In the week preceding FD also spoke to me twice in a way, that I was like, dude,
where is my
friend, ‘cuz the person on the other end of the phone don’t sound like
love bears. The tone of his voice communicated what the words didn’t, desire
had waned.

I didn’t help any. I fucked up and pushed up on someone I had a thing with
years ago. I also mentioned it to FD. I know, Black girl fail. Things were
already fragile, then I went a did this. The awesome thing that came out
of that behavior is the next day I felt. Awful. I couldn’t shake it.

I told him about it.

It was in that moment that I learned that no matter what was happening
in my life that I would be responsible to the maintenance of my interior life.

I had a bottom, and tried to allow something material to fill a God sized hole.
No bueno.

I now see that work, home, school, roommate issues, love life, my interior life needs
to be maintained and now one could really do that but me, via God.

I have worked hard on getting acclimated to school. It’s really isolating.
I am also getting use to being around new people.
Making new friends, learning the culture of grad school.

Black girls had a lot of New in ’09.

At times, I was self absorbed and not checking for him. In fact, it was only
in talking with one of my homies that I realized the significance of FD’s had a
career milestone.
He finished his course work. However, I was deep in the
midst of learning how to do APA citations. I didn’t have the bandwith to really

reflect on the significance of this with him.

S.bot insisted on me writing this, but also insisted that I didn’t call.
I was like, I don’t understand, why can’t I do one and not the other
they BOTH constitute a communication. She was like, calling is a no
no, but your blog is your space. So write. Uhhhhhhhhh. Hate her. Love her.

Last Thursday, I had just come back from Brooklyn for Xmas on Sunday,
and I saw his Facebook status update said “Queens bound” I was like wow,

you ain’t speaking but you got status updates. I lost it.

So, I was standing in my room, talking to my daddy, who is on the
West Coast. He was like you sound really sad. I was, plus I was suppose to visit
him, but I was working up the courage to tell him that am not up to it right now.
He asked me, what I was going to do for NYE, I was like “make gumbo or lasagna
and watch CSI”. He was like, “Are you sure.” I mentioned that my support system
was in Brooklyn, and I just got an email from my homie Ian who is doing
a free party. I would just need to find a place to stay, if I went back.”

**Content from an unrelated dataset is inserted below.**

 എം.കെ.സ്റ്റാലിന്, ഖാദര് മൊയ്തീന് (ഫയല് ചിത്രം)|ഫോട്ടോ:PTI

He responded saying “Go. Then.” I was like “I just got back, doesn’t that look
kinda crazy?” He was like “No. Right now you are in your own way, in your self
pity. OTHER people ain’t in they self pity. Go, be around your friends and enjoy
yourself. Self pity leads to depression. Your four walls at home will be there,
but right now you need to get out of your own way.” “You may hear from him,
you may not, but you need to go where the Love is.”

He was right, being around people that loved me, held me, fed me, was exactly what
I needed.

Shaking her head at my scandalous silver leggings. Ms. Lovely, laid eyes on
me and said I looked like I came from the future. That moment was priceless.

On the train, I found my mind returning to the hurt and, wanting answers, but I stilled
myself. And when it got really real, I just said the first first part of the serenity
prayer on repeat, until I thought about something else. Interior life.

I was also able to reflect on what it was like for me when I moved to New
York. How at times it was a slow grind to make friends, and in other instances,
it was real easy. My first little crew was comprised of
Tiombe, Bilal and Robert

Glasper and while we only ran together for a month or so, it was nice to have
running buddies.
I also had homies at Barnard who were from Oakland. Shit,
I was spoiled.
Time takes time. Luls.

In the same way that I waited for God to put Ms. Fancy from the post below,
on my path, I remain the same with this, bless him, change me.